There are a lot of caveats here about the semantics of maps, whether
they do or don't have a contiguous memory region, etc. There likely
isn't a single definition of a "map memory region" that will apply to
all maps. For example, there is a BPF_MAP_TYPE_PERCPU_ARRAY map, which
in contrast with BPF_MAP_TYPE_ARRAY, need not be a contiguous memory
region and could instead leverage however percpu memory is implemented
on the platform. In my personal opinion, what Dave wrote here is rather
ideal in that it's giving the reader some context on what maps are,
without over prescribing them. With that in mind, are you ok with
leaving the maps section as is (modulo moving it as you suggested
below), with the intention being that we'll fill in the details on the
various types of cross-platform maps when we write the proposed standard
on cross-platform map types?

> * Say this is a 2's complement architecture

Hmmm, so, I realize that others have suggested this as well (e.g. Will
pointed out in [2] that he agrees that we should include this), but to
be honest I'm still not quite following why this is something that folks
feel should be included.

[2]: https://lore.kernel.org/all/CADx9qWiJCQyLdz5rG33K2iWtsgXQ65K3aiwQiEsjSwY2ofNy1Q@mail.gmail.com/

The RISC-V standard does indeed specify that signed types are
represented with two's complement, but as far as I know that is the
exception rather than the rule.
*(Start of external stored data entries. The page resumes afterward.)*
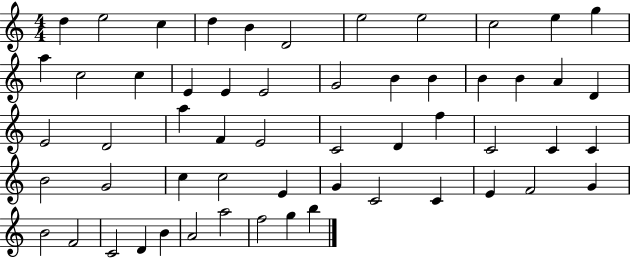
{
  \clef treble
  \numericTimeSignature
  \time 4/4
  \key c \major
  d''4 e''2 c''4 | d''4 b'4 d'2 | e''2 e''2 | c''2 e''4 g''4 | \break a''4 c''2 c''4 | e'4 e'4 e'2 | g'2 b'4 b'4 | b'4 b'4 a'4 d'4 | \break e'2 d'2 | a''4 f'4 e'2 | c'2 d'4 f''4 | c'2 c'4 c'4 | \break b'2 g'2 | c''4 c''2 e'4 | g'4 c'2 c'4 | e'4 f'2 g'4 | \break b'2 f'2 | c'2 d'4 b'4 | a'2 a''2 | f''2 g''4 b''4 | \break \bar "|."
}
As Jose explained in [3], it's more
common for ISA specifications to specify how numerical immediates are
encoded in stored instructions rather than dictating how signedness is
represented across the entire architecture.

[3]: https://lore.kernel.org/bpf/871qhe7des.fsf@gnu.org

The ARM64 ISA [4] aligns with what Jose said as well. The Intel and AMD
x86_64 ISAs specify that certain instructions perform two's-complement
negation, but as far as I know they don't dictate the type semantics for
the entire architecture.

[4]: https://developer.arm.com/documentation/ddi0602/latest

The reason that I think it may be prudent to leave this off is that I
don't think we really gain anything by specifying it. I expect that
we'll include this in the psABI document, but it seems unnecessarily
constraining to dictate two's complement in the PS _ISA document_. At
the end of the day I expect our goal will be source-code compatibility
rather than binary compatibility, and while it's entirely possible that
we'll never see it, I think it would be prudent to give platforms the
flexibility to implement signedness in other ways if they have a reason
to do so.

Case in point, while it's not an ISA standard, section 6.2.6
("Representations of types") of the C standard specifies the following:

> 1 The representations of all types are unspecified except as stated in this subclause.
> 2 Except for bit-fields, objects are composed of contiguous sequences of one or more bytes, the number,
> order, and encoding of which are either explicitly specified or implementation-defined.
> ...
> For signed integer types, the bits of the object representation shall be divided into three groups:
> value bits, padding bits, and the sign bit. There need not be any padding bits; signed char shall
> not have any padding bits. There shall be exactly one sign bit. Each bit that is a value bit shall have
> the same value as the same bit in the object representation of the corresponding unsigned type (if
> there are M value bits in the signed type and N in the unsigned type, then M <= N). If the sign bit is
> zero, it shall not affect the resulting value. If the sign bit is one, the value shall be modified in
> one of the following ways:
>
> — the corresponding value with sign bit 0 is negated (sign and magnitude);
> — the sign bit has the value −(2M) (two's complement);
> — the sign bit has the value −(2M − 1) (ones' complement).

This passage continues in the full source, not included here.